**Work instruction**
Copy only those lines which run from the line containing "Model wearing oversized" to the end of the entries below, both inclusive, exactly as written and with no pictures.
START Records for the task
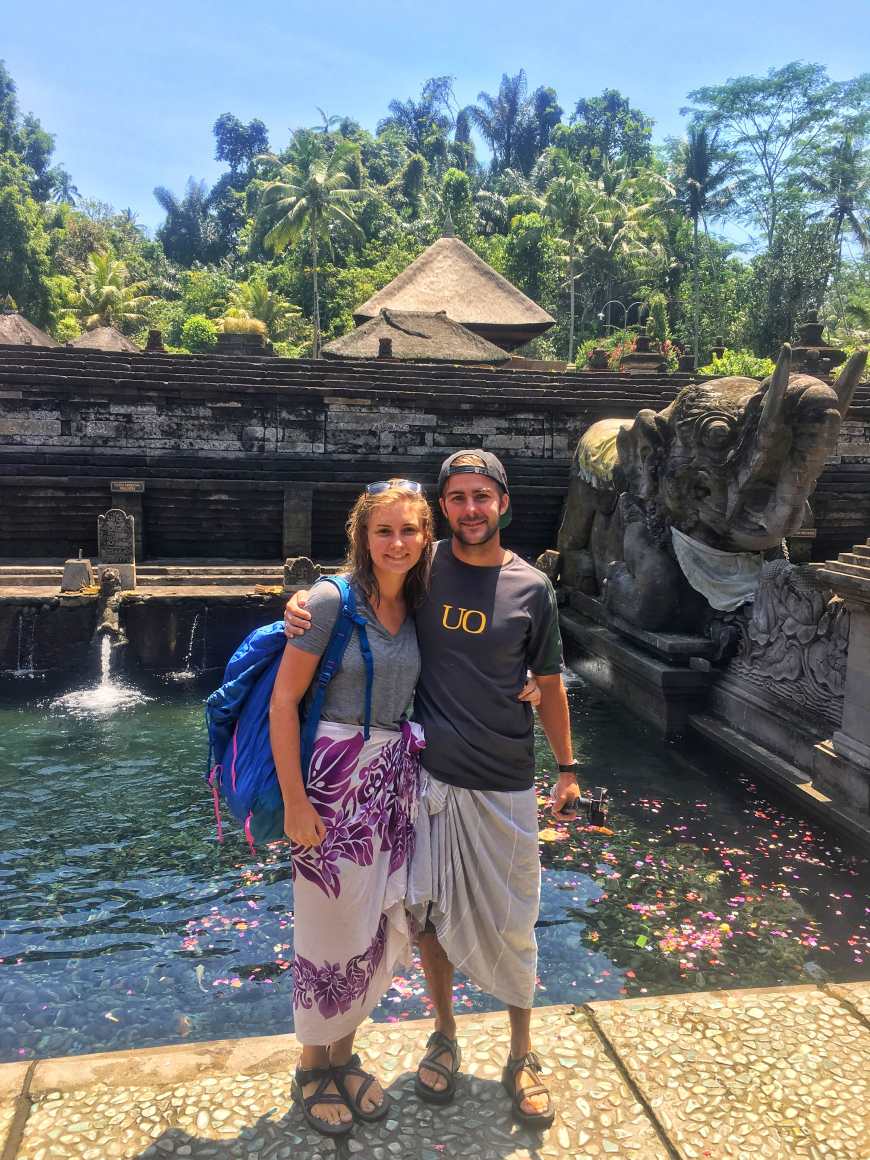 Alli and TJ all smiles after finishing the purification ritual at Tirta Empul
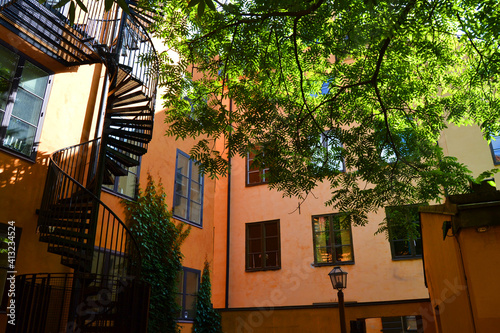 Cozy courtyard of the orange house in the Old Town of Stockholm. The sun's rays shine through the green leaves of the tree. Summer in Sweden.
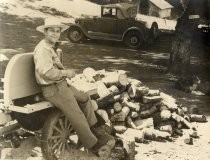 Hugh Stuart Center outdoors with pile of chopped wood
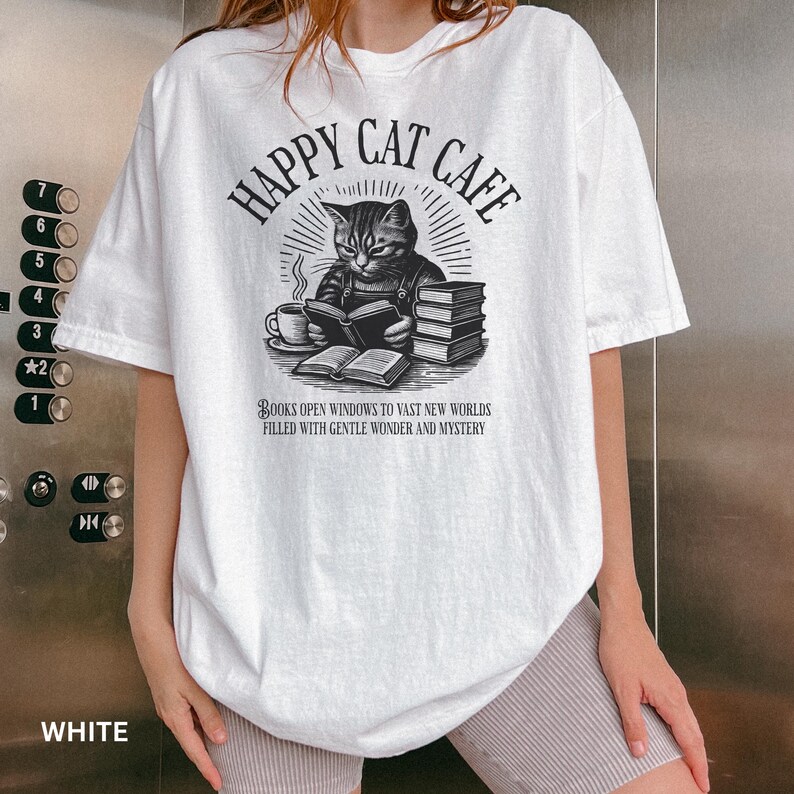 Model wearing oversized white colored Comfort Colors® T-Shirt with a graphic of a vintage cat reading a book with a cup of coffee and book stack nearby, graphic is styled with Happy Cat Cafe headline and a quirky lost in translation-inspired subhead.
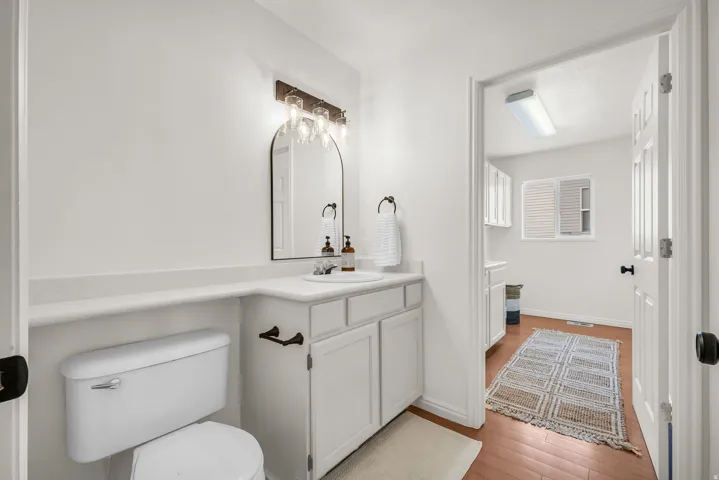 Bathroom vanity featuring white cabinetry, a single basin sink, and a countertop with integrated backsplash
END Records for the task
**Expected answer**
 Model wearing oversized white colored Comfort Colors® T-Shirt with a graphic of a vintage cat reading a book with a cup of coffee and book stack nearby, graphic is styled with Happy Cat Cafe headline and a quirky lost in translation-inspired subhead.
 Bathroom vanity featuring white cabinetry, a single basin sink, and a countertop with integrated backsplash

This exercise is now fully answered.